[Standards-JIG] Re: JEP-0124: comments on proposed version 1.5
vinod.p at gmail.com
Tue May 9 04:55:46 UTC 2006
On 4/30/06, Ian Paterson <ian.paterson at clientside.co.uk> wrote:
> Hi Vinod,
> > The reason I think it should be in a separate JEP is because some
> > entities would want to just use the multi-stream feature - an xmpp
> > proxy, for instance.
> > Makes perfect sense when deploying servers to cater to huge loads. A
> > proxy would handle incoming connections (Connection Manager, if you
> > wish) and will route them to back end xmpp servers, optimising usage
> > of a few tcp connections, sending multiple streams over each of them.
> I expect that proxies will in almost all cases employ standard 5222 TCP
> connections with the servers. But perhaps I'm missing something? IMO
> JEP-0124 will probably never be used for server-to-server communications.

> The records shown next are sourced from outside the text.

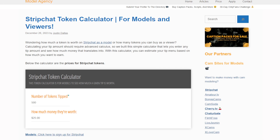Here's how much they were tipped. Here's how much that is worth to them. Pretty simple calculation here. Every token is worth five cents. So if you're tipped 100 tokens, you make $5. If you were tipped 777 tokens, you make $38.85. So when you're making your tip menu, you can kind of get an estimate for how much you're going to earn for doing whatever you're doing.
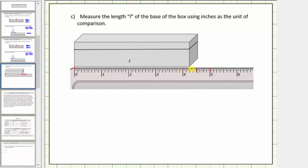Notice how the exact length is four and one-fourth inches. For some lengths, we may need to cut the inch into smaller parts, but for this length, cutting one inch into four equally sized parts was enough to determine the exact length. We may also recognize that one-fourth is equivalent to twenty-five hundredths, and therefore we can also express four and one-fourth inches in decimal form as four point two five inches.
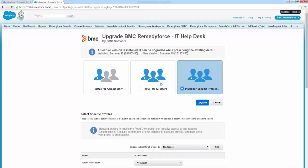All the users who are assigned custom profiles get the same level of predefined access. So just something to consider when making a selection here. Again, as I mentioned, we're going to install for specific profiles.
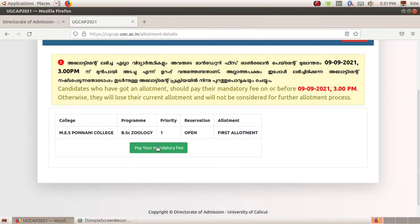If you have an admission, you will be contacted by the college, and if you have online or offline reporting, you will be able to get into the college or university. You will be able to contact the college.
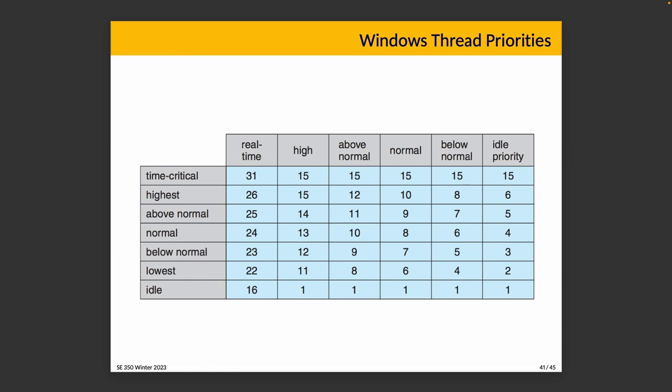The things that we get some influence over are the ones at the top, like we can choose what column we're in. By default something starts as normal. The operating system's input is on the row: is it idle, lowest, below normal, normal, above normal, highest, or time critical. As you can see, it's entirely possible that I've said my process is highest priority, and putting it in the real-time category does mean it goes before other things, but putting it in the high category doesn't guarantee it's going to run before things that are in the above normal, normal, or below normal categories because Windows can and does override your choices. I've said oh this is high priority, and Windows will say yeah but I think it's idle so it actually gets a priority of one.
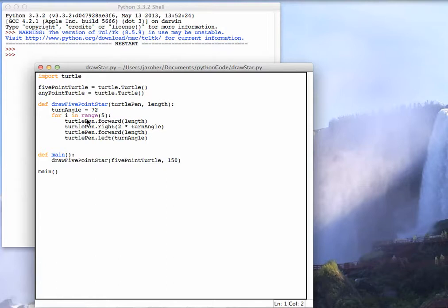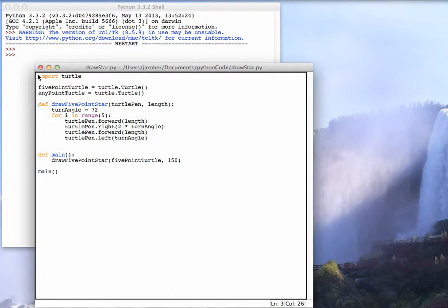So you want to use the turtle, which is a graphics library for Python. How do you bring that library in so that you can use the turtle in your program this way? So you can define a turtle and then you can go ahead and use the turtle. Well, what you do is you use the import statement.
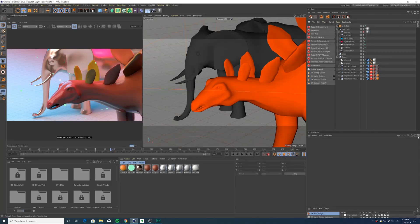In this video we'll cover depth passes in Redshift for Cinema 4D and how to use them to create a depth of field effect in post.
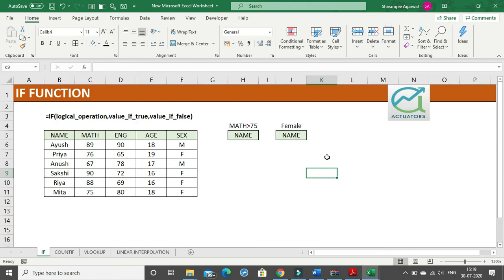Hello and welcome. The first function for today is the IF function. It is a logical function where you give a particular logical operation that returns an answer of true or false. If the value is true you get a certain output, and if the value is false you get a different output. For those cases we use the IF function.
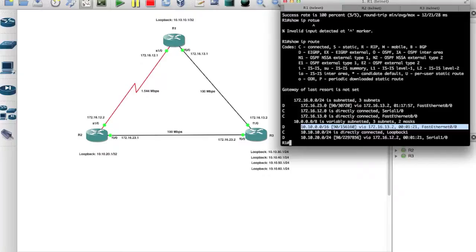Alright, so this was a quick and short tutorial on how to EIGRP route summarization. Thank you.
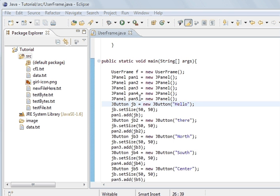Hi, welcome to the Java programming tutorial. We are going to continue where we left off. We have put panels on a frame and put them into the different border regions: centre, east, west, north, south. And what we have done is put a button into each one of them.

> However, I certainly don't want to close down unnecessarily that (or any
> other) possibility.
Yea, they would employ standard 5222 TCP connections, or may use a
different port. I'm not looking at using JEP-0124 for s2s connects.
The only point I was trying to make is that there are other scenarios
where a multi-stream use case comes into the picture. In that
interest, it would be better if the multi-stream text is moved into a
separate JEP, and JEP-0124 could depend on that.
> The primary motivation for adding optional multi-streams was to allow a
> single constrained (Web) client to open several streams with a proxy
> (something that v1.4 of the JEP made impossible). For example, on weekdays a
> user might want their client to be logged in simultaneously via a proxy with
> these bare JIDs:
> vinod at work.com
> vinod at personal.com
> At least one implementation of client/proxy multi-streams is already in
Yes, but it could also be used for higher efficiency of the underlying
tcp connection. A 'separation of concerns', if you like. The xmpp
server still has a connection acceptor running, but it is utilized
more efficiently since it may receive multiple xmpp streams over the
same tcp connection. Imagine the efficiency increase of an xmpp
server if it did not have to waste cpu cycles in processing tcp
In a real world scenario, the xmpp server would have multiple 'proxy'
front-ends, that would take care of tcp connection management. These
proxies would have a single connection with the xmpp server over a
gigabit or such connection, aiming to saturate the single connection.
This multi-stream feature IMO has great implications for such proxy
implementations and JEP-0124 server implementations as well.